Within two seconds of that last sentence exiting Joe’s mouth, Bob leans over into Joe’s face and slurs, “LIAR.”

“What did you say?” Joe asked.

With large beady eyes, Bob raised a finger, pointed at Joe and repeated, “You’re a liar. That never happened.”

In the background, Sally was screaming, “Bob, that’s so not cool. Apologize! Apologize right now.”

“Not cool, Bob,” I repeated a few times.

George shook his head in disagreement, too.

Joe said, “You know what? Bob doesn’t have to apologize. Be who you are and say what you mean. I don’t want an apology.”

Joe picked up his drink and sat down in the seat on the other side of me, away from Bob and Sally.

In a room of racism, I can handle so much. But I’ll never invite Bob to my home or buy him a beer.

But hey, it’s Bob’s right to say what he wants. He’s free to do so. And he can hide behind anything from his belief system to his relaxed inhibitions for doing so. Having beliefs, ideologies and opinions is certainly something everyone has and expresses. However, I have to remember and remind myself that those opinions have repercussions. You can say and do what you want, but that means whom you say those things to may have equally oppositional antagonism.

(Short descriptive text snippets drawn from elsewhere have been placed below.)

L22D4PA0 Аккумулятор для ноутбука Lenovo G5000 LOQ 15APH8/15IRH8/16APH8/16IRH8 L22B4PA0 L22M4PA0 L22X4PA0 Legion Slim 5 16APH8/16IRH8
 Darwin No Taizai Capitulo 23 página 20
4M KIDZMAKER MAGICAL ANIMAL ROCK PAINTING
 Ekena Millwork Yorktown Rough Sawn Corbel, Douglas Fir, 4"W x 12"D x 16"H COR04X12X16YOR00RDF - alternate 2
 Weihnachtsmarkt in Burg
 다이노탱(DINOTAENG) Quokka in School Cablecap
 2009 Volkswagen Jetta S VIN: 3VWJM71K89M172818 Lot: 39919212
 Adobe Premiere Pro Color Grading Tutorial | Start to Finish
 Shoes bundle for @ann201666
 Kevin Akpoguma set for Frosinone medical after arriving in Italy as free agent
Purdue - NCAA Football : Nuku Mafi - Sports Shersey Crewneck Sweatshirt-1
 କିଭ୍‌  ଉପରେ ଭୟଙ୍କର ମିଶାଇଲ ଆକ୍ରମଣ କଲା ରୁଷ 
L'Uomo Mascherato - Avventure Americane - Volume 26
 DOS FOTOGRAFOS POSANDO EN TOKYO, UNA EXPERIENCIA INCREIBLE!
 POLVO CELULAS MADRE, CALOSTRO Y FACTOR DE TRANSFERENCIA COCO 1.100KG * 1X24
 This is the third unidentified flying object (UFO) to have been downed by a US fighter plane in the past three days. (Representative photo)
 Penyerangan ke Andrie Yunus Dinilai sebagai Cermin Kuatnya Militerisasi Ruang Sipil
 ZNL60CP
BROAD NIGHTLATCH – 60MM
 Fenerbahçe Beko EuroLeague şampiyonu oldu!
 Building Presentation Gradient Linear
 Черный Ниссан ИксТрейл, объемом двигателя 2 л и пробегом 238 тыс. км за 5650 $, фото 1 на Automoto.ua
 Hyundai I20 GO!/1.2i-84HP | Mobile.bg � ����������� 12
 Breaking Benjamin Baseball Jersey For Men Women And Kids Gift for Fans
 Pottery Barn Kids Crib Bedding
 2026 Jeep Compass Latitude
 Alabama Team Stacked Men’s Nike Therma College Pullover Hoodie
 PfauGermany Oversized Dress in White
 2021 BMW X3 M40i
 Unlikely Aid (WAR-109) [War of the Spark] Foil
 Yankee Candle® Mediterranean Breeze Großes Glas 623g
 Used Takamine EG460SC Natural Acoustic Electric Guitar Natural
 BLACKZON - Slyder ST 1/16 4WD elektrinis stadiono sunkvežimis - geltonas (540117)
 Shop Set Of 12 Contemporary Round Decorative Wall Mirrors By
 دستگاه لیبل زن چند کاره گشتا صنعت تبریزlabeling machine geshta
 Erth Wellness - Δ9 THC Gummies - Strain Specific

There are limits to what we can handle. And there are behaviors that deserve to be marginalized and snuffed out.

When Bob paid his tab, he started to leave and passed by Joe offering a hand to shake. In the most public display of politeness in the face of dastardly opposition, Joe said, “With all due respect, I’m not shaking your hand. Another time, Bob. You don’t owe me an apology. You said what you meant and you meant what you said.”